Simple Minds – Live

After almost 40 years on the road, it is a bit difficult to find a way of keeping it interesting and not giving the impression your band is living...
Simple Minds : Live

Simple Minds : Live

After almost 40 years on the road, it is a bit difficult to find a way of keeping it interesting and not giving the impression your band is living of the past.

The same way a song can be revised if the band changes its line-up (hello The Cure!), if you try another approach, like the acoustic one, you can play and empower different aspects and details of old tunes and give them new life.

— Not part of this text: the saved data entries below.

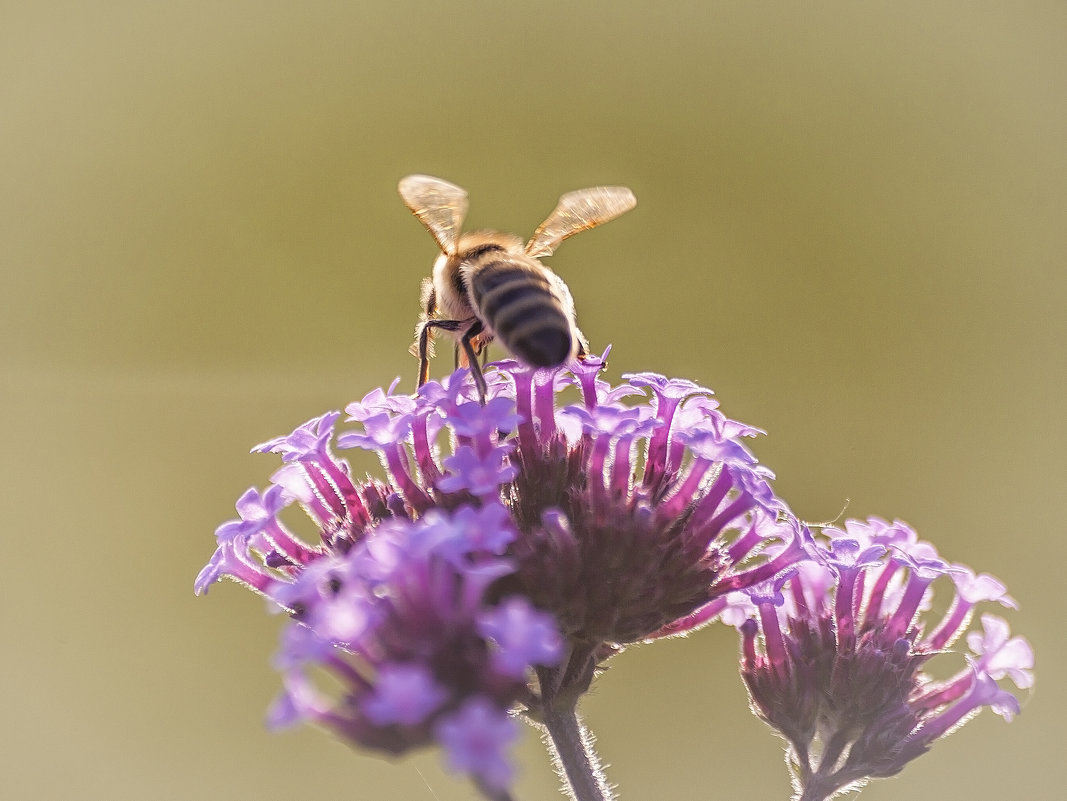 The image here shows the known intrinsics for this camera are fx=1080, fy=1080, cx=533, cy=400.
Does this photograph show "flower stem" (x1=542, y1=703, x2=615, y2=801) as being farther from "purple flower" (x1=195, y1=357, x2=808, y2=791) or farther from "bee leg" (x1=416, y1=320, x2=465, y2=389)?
"bee leg" (x1=416, y1=320, x2=465, y2=389)

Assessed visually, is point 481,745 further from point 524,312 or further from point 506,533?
point 524,312

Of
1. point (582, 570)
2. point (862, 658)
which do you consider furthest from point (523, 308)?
point (862, 658)

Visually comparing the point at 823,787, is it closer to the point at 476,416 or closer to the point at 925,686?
the point at 925,686

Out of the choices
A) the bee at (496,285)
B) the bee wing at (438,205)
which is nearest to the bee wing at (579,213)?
the bee at (496,285)

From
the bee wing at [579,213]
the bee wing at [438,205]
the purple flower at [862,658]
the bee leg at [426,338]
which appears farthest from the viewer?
the bee wing at [579,213]

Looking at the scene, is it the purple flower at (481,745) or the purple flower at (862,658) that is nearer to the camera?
the purple flower at (481,745)

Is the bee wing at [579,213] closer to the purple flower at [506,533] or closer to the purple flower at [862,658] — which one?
the purple flower at [506,533] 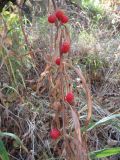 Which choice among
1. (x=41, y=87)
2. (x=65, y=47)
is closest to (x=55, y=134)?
(x=65, y=47)

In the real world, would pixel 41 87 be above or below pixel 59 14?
below

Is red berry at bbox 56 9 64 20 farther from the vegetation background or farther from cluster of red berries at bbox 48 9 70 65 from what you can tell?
the vegetation background

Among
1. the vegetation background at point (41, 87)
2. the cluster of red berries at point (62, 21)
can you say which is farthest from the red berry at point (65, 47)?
the vegetation background at point (41, 87)

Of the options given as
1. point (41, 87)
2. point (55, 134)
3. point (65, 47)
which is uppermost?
point (65, 47)

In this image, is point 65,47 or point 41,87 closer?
point 65,47

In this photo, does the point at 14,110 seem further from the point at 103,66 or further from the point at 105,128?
the point at 103,66

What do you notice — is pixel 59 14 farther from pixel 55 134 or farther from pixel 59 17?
pixel 55 134

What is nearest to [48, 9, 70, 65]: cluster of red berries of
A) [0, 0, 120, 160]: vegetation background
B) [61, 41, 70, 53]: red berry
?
[61, 41, 70, 53]: red berry

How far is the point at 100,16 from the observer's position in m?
3.35

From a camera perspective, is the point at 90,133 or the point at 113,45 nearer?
the point at 90,133

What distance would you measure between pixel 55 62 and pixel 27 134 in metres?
0.77

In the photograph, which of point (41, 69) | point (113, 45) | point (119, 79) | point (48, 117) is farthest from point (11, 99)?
point (113, 45)

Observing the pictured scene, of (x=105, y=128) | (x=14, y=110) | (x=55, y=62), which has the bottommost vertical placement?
(x=105, y=128)

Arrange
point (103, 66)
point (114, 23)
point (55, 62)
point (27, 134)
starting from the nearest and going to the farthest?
point (55, 62) < point (27, 134) < point (103, 66) < point (114, 23) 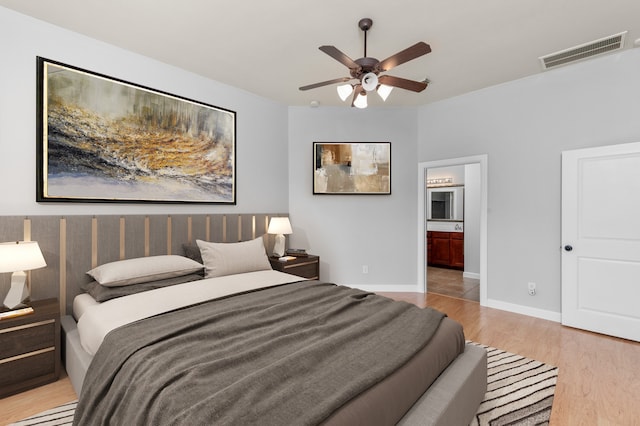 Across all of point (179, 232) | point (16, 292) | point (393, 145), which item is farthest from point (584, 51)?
point (16, 292)

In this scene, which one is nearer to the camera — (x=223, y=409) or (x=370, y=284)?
(x=223, y=409)

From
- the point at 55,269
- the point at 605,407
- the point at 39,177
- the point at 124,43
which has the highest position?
the point at 124,43

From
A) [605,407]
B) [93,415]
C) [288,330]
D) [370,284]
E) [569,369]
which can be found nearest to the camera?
[93,415]

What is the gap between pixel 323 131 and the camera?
15.2ft

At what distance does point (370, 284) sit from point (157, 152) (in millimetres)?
3406

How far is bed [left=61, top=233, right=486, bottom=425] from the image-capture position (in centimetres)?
112

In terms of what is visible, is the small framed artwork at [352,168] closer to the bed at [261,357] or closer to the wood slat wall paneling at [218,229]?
the wood slat wall paneling at [218,229]

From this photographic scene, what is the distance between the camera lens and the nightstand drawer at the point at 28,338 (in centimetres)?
200

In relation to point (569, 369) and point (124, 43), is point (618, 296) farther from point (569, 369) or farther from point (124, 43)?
point (124, 43)

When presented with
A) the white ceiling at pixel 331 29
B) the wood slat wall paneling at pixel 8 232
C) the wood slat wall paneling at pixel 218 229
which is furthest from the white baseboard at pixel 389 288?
the wood slat wall paneling at pixel 8 232

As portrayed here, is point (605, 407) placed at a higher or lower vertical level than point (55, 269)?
lower

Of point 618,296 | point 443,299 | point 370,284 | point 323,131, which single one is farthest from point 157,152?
point 618,296

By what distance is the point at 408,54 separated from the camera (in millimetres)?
2236

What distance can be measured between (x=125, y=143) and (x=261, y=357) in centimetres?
262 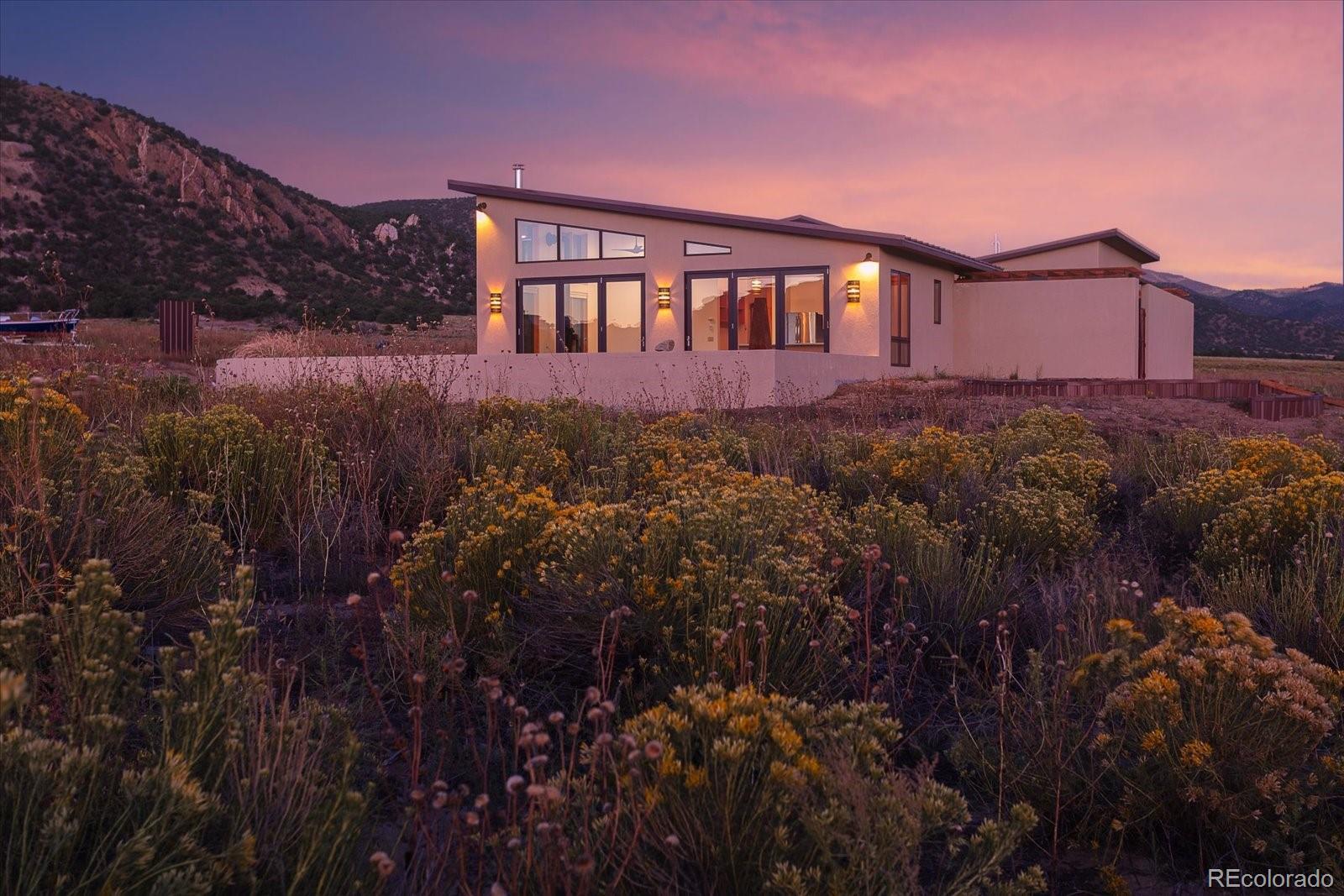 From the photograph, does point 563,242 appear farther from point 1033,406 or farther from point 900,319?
point 1033,406

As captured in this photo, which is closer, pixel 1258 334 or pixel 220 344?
pixel 220 344

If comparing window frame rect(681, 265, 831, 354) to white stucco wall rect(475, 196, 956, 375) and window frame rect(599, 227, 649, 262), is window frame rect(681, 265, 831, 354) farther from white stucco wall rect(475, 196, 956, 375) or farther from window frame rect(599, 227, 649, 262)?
window frame rect(599, 227, 649, 262)

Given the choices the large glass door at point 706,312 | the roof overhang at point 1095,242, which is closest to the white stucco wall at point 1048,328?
the roof overhang at point 1095,242

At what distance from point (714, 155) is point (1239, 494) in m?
24.0

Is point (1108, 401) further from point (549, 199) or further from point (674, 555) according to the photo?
point (549, 199)

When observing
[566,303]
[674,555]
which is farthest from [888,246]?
[674,555]

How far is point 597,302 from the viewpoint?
21.1 m

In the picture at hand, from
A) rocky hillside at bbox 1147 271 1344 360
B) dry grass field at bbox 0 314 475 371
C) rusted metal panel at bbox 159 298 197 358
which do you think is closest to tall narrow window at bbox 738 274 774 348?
dry grass field at bbox 0 314 475 371

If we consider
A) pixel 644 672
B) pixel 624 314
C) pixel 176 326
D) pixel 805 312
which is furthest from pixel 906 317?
pixel 644 672

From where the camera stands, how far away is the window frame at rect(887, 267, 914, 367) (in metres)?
20.4

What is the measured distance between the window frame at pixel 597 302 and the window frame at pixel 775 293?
0.94 metres

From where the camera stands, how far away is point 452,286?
176 ft

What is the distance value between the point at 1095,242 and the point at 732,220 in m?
11.9

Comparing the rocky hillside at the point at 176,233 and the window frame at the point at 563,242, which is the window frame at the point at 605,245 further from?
the rocky hillside at the point at 176,233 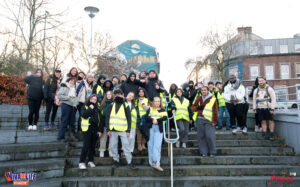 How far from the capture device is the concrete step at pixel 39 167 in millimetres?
4395

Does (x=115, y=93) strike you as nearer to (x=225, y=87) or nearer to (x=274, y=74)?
(x=225, y=87)

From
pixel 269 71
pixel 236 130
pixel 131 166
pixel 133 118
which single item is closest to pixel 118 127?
pixel 133 118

Simple Minds are in this exact point in their career. After a decade spent almost living on a stage, since the release of the very interesting Graffiti Soul, the lads from Glasgow extensively toured Graffiti, released Live 2011, then issued a box with their first five records – remastered and with some uncovered outtakes – entitled X5, then did a tour about this box called 5X5 of which they published a highly recommended double record (QRO review), went on a world tour promoting their greatest hits, of which they released Celebrate: The Greatest Hits, then got to the studio to use the ideas of those last five years in order to come up with another way above average maturity record, Big Music, of which they also published a tour version, and also had tome to re-issue three of their paramount records in lavish boxes and booklets: New Gold Dream (QRO review), Sparkle in the Rain and Once Upon a Time, plus singles, remixes, a solo album by Jim Kerr…

So what next? Picasso once said, “Inspiration exists, but it has to find you working.” And Simple Minds are still working non-stop, this time bringing fresh air to their classics.

The Acoustic Tour has been around Europe this spring, hitting Barcelona’s l’Auditori Barcelona on Sunday, April 30th, showing another incarnation of the songs and another incarnation of the band. Kerr and long-time musical partner Charlie Burchill are still joined by Ged Grimes on bass. Then, we find Sarah Brown on backing vocals, Gordy Gourdie on guitar and Cherisse Osei on drums.

At first, it was a bit strange to start a gig with “New Gold Dream”, in a sort of electronic fashion, when you’re in an acoustic tour, but the Minds wanted people to know this as going to be a music celebration, and what better to start like you’re in a big party? Then the set list moved on to calmer territories with “See the Lights”, “Glittering Prize”, “Chelsea Girl” and “Big Sleep”. The Auditori in Barcelona is a mid-sized type of venue and the band felt so at ease, it took no time for the audience to participate and chant along every single song.

The usual approach of the band of jumping between eras of their repertoire went on with “Stand by Love”, but then started gaining pace and grandiosity with “Someone, Somewhere in Summertime” and reached the first climax with “Waterfront”.

Then, Kerr took some time off stage, which led to Gourdie and Brown to take on vocal duties. The former lead a slightly faster and more muscular cover version of Bowie’s “Andy Warhol”, and the latter went on to pay tribute to Patti Smith with “Dancing Barefoot”, a song Simple Minds already covered in 2001’s Neon Lights. Here, Brown deserves a special mention because, bearing in mind her considerable vocal power, she showed enough restraint to not overwhelm the song in any of its sections. When you think of screaming singers like Adele or Mary J. Blige in U2’s “One”, it’s really good that Brown thought about the song and not herself.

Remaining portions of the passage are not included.